In order to achieve high quality healthcare provision, it is increasingly important to collect highly confidential and personal medical data from a variety of sources, including personal medical devices and to share this through a variety of means, including public networks and other systems whose security cannot be implicitly trusted. Patients rightly expect full privacy, except where permission has been explicitly given, but they equally expect to be provided with the best possible medical treatment. Integrating home-based healthcare into a holistic treatment plan is cost effective, reduces travel-associated risks and costs, and increases the quality of healthcare provision, by allowing the incorporation of more frequent home-, work- and environment- based monitoring and testing into medical diagnostics. There is thus a strong and urgent demand to deliver better, more efficient and more effective multi-site and sometimes even multi-national healthcare solutions that can achieve excellent patient-centric healthcare provision, while also complying with increasingly strict regulations on the use and sharing of patient data.
Contact: Prof Juliana Bowles, Dr Christopher Brown.
Paraformance
ParaFormance allows C/C++ developers on x86 and ARM to expose, diagnose and introduce multi-core code into their applications. Discover the multi-core opportunities by running our hot spot discovery, refactor your application to introduce openMP and TBB calls automatically, and check the parallelised code for thread safety issues, such as race conditions, deadlocks, variable collisions and more.
Contact: Dr Christopher Brown
Discovery
Computing pervades our lives, impacting our health, work, entertainment and social interaction. Over recent years, the technology inside the devices providing these services has undergone a radical change: where once, processing was undertaken by relatively homogeneous “sequential” devices, in which essentially one thing happened at a time, the new systems compose a range of specialized devices, some targeting specific problem sub domains, and almost all exhibiting considerable “parallelism”, where many things can happen at the same time. This is true on all scales, from the internals of a mobile phone, to the massive data centres which serve web applications such as Google. This poses a substantial challenge for the software industry: writing correct and efficient programs for heterogeneous, highly parallel systems is much harder than for current technologies and most developers lack the skills and training to write safe and efficient code. Faced with this difficulty, software developers will often avoid writing parallel code completely, or else will use inappropriate, non-scalable and error-prone approaches based on explicit threads of program execution.

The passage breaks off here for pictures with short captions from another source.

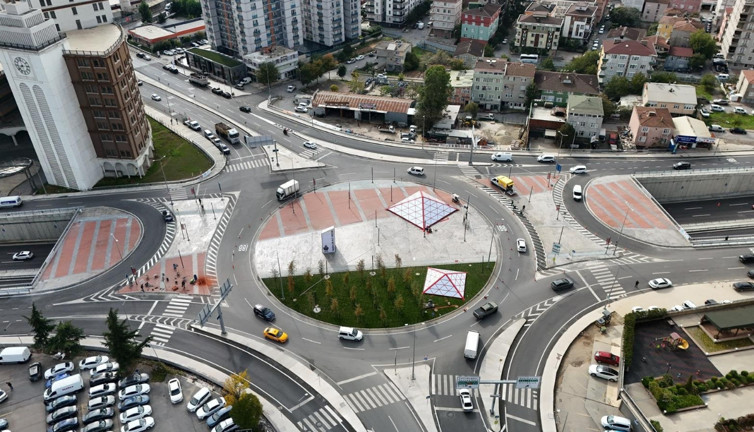 Çekmeköy'deki Yenidoğan Kavşağı açıldı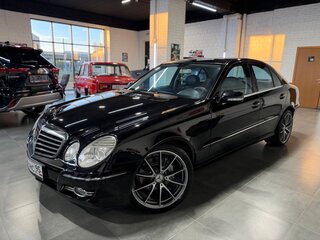 2008 Mercedes-Benz E-Класс 230 III (W211, S211) Рестайлинг, чёрный, 1490000 рублей, вид 1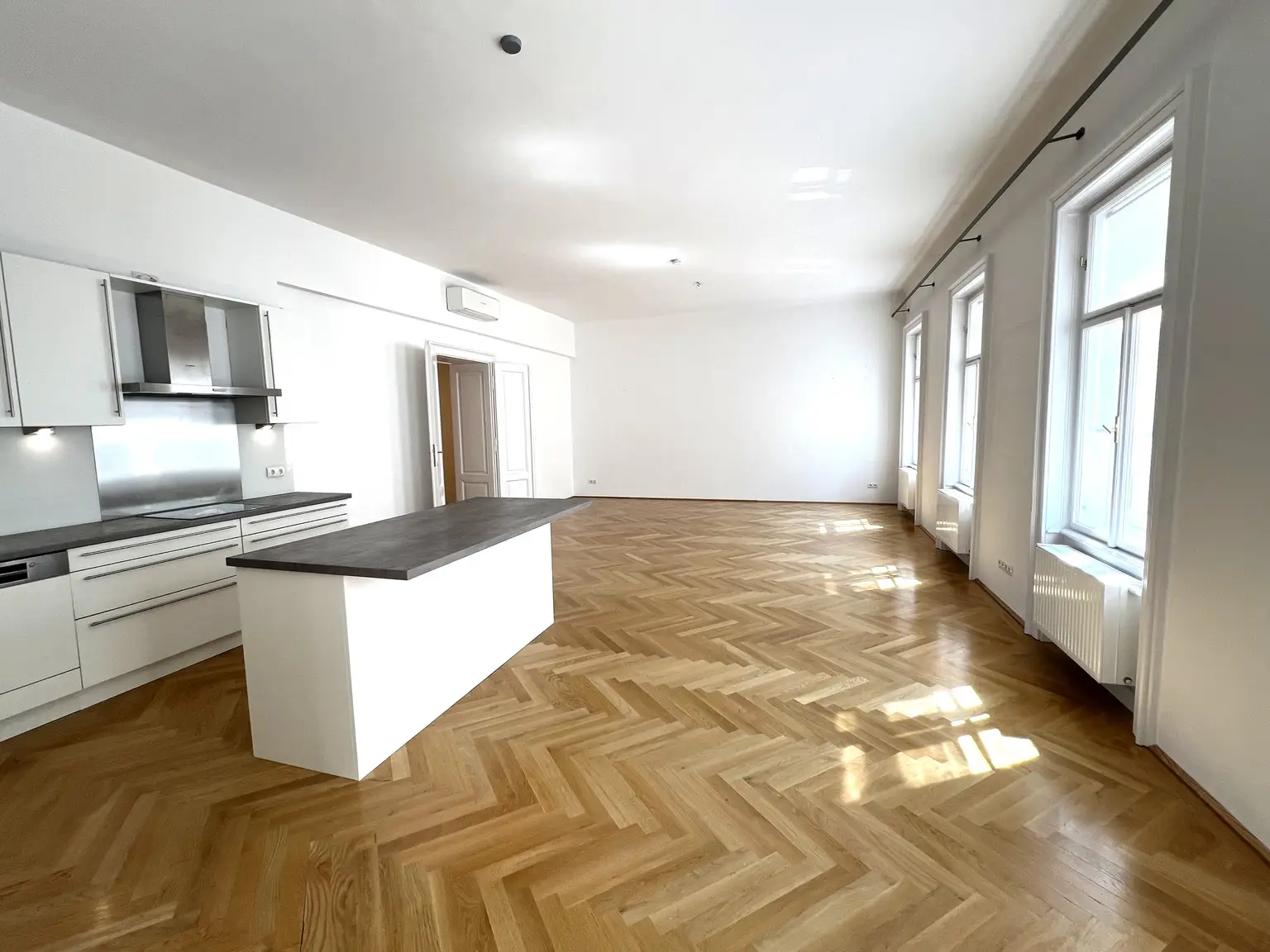 UNBEFRISTET: Prachtvolle, klimatisierte 5-Zimmer-Wohnung mit fantastischer Stadtaussicht / Beautiful air-conditioned 5-room flat with fantastic city view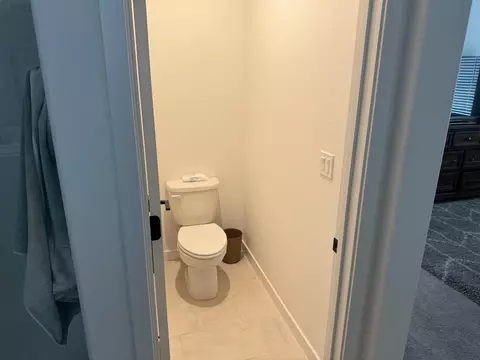 Bath - 4035 Braden, Madera, CA 93636 photo 1 of 2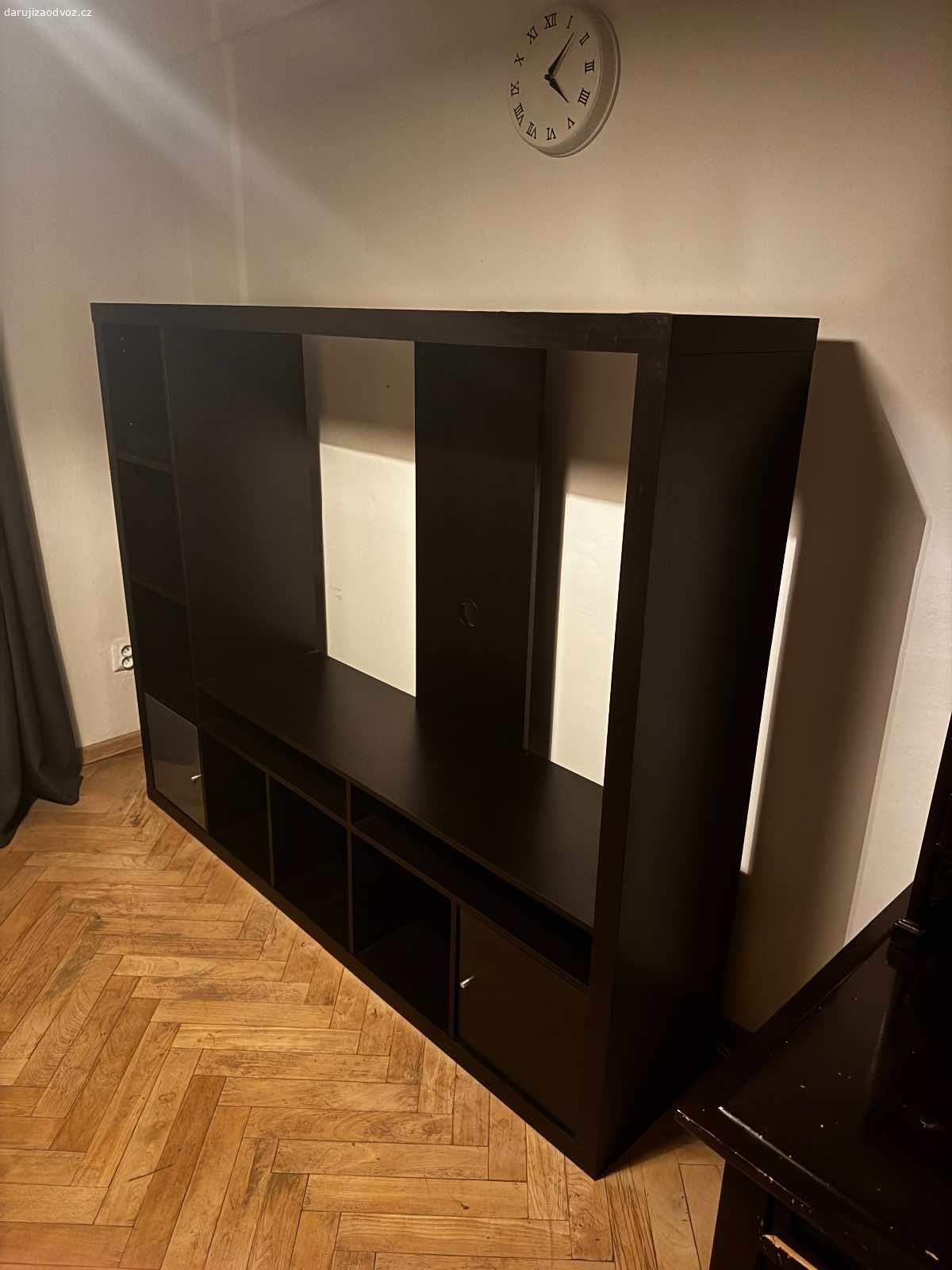 Daruji černou obývací skříň na chatu. Dobry den,
Daruji obývací stěnu v dobrém stavu o rozměrech. 
146x40x185cm vxšxd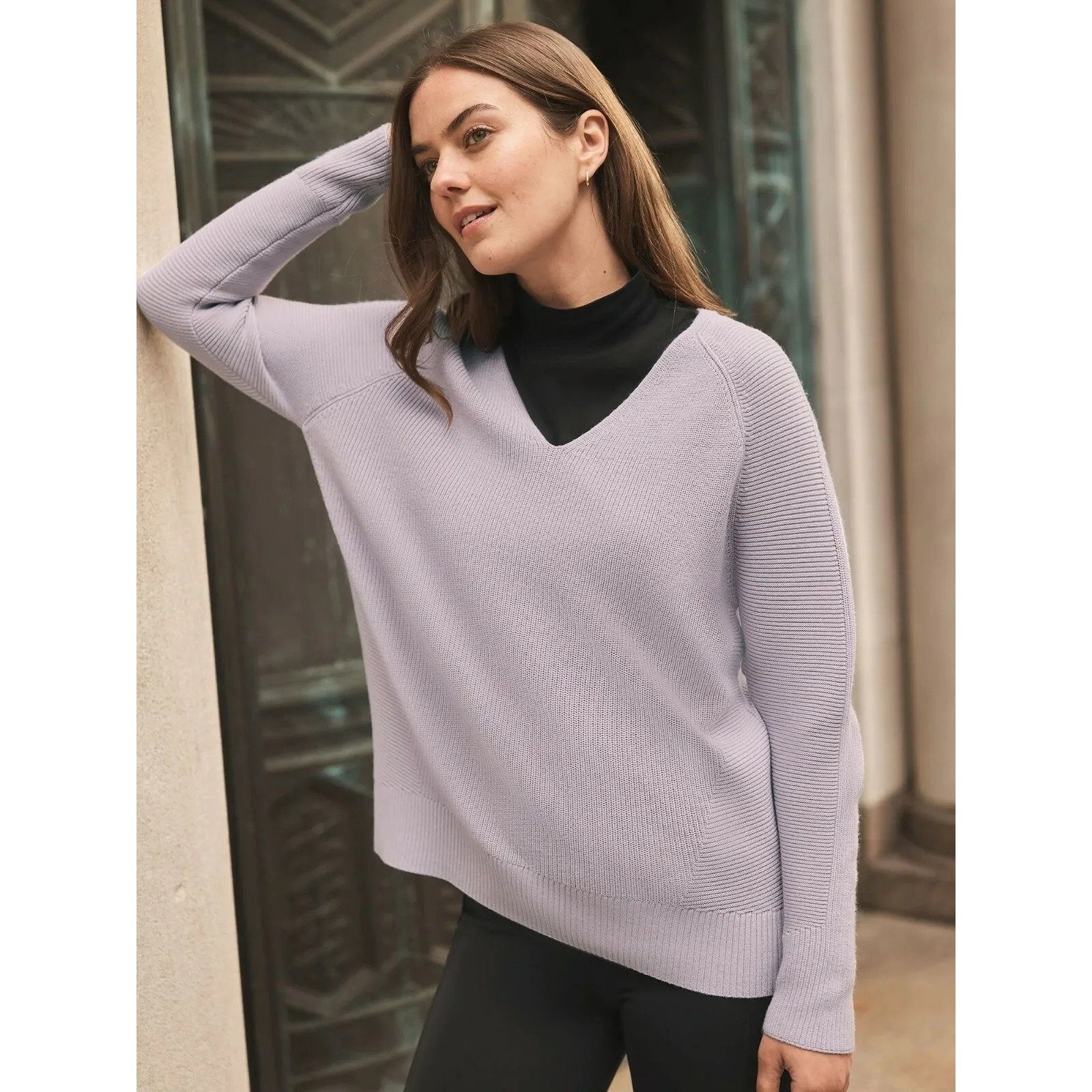 Athleta Athleta Hanover Merino V-Neck Sweater Oversized Shasta Purpl Size XS / US 0-2 / IT 36-38 - 6 Thumbnail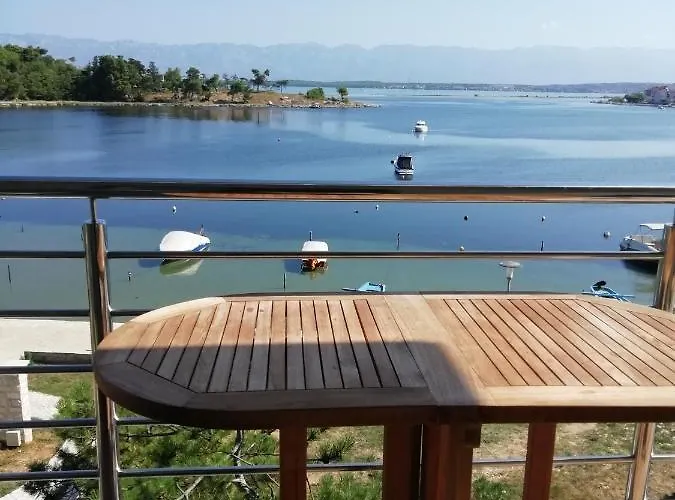 Valentina-b Apartman Nin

Given the hardware trend towards increasingly complex, increasing parallel (manycore) systems, this is an inherently short-term strategy that is doomed to failure,
Our project addresses this issue. Our key insight is that humans in general, are very good at using patterns to understand, predict and act in the real world. This insight translates into the world of software engineering in general, and parallel heterogeneous programming in particular. Our work will help programmers to recognize patterns in pre-existing and new applications, and to transform these pattern occurrences into forms which allow them to be exploited, adapted and run effectively on the new hardware platforms. The systems we develop will work in partnership with software developers, reducing the complexity of the task, automating and semi-automating the development task. The result will help the industry to develop new applications, and to update existing applications, with less effort, fewer errors and better resilience as the underlying technology continues to evolve.